** EXERCISE DESCRIPTION **
Set down the data below in full, exactly as it reads, but without the pictures.

** DATASET EXTRACT **
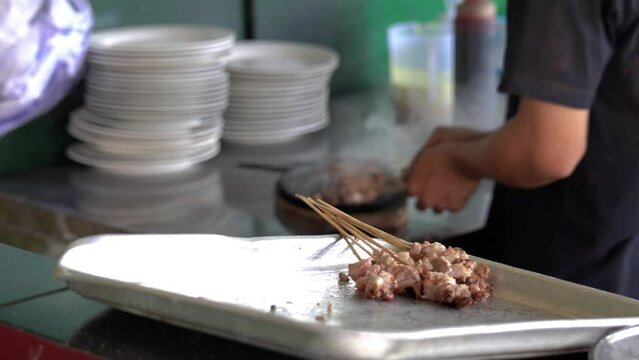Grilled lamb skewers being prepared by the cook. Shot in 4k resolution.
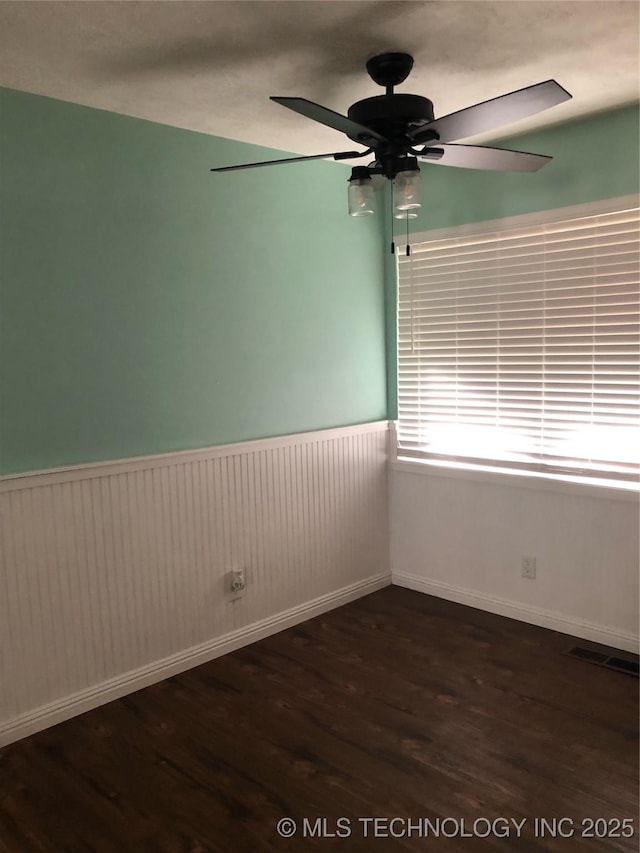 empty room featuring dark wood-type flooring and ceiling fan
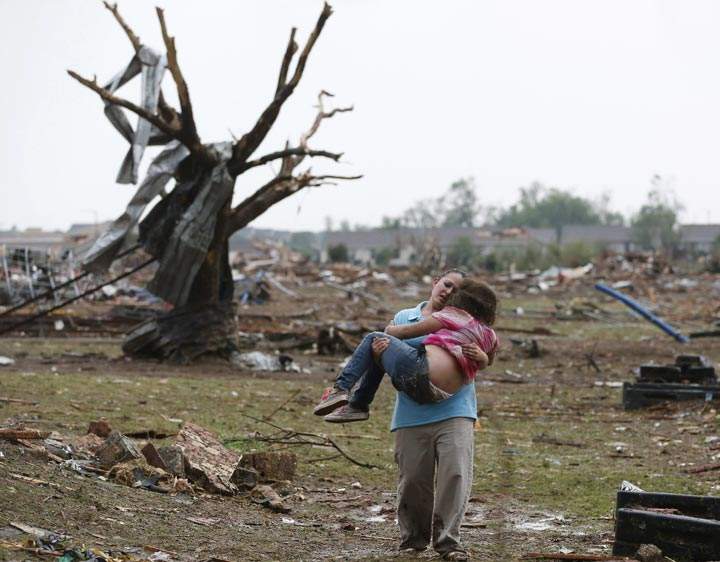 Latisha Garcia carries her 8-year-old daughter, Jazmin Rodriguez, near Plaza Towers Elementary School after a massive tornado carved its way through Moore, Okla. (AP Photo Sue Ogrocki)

** ANSWER SPACE **
Grilled lamb skewers being prepared by the cook. Shot in 4k resolution.
 empty room featuring dark wood-type flooring and ceiling fan
 Latisha Garcia carries her 8-year-old daughter, Jazmin Rodriguez, near Plaza Towers Elementary School after a massive tornado carved its way through Moore, Okla. (AP Photo Sue Ogrocki)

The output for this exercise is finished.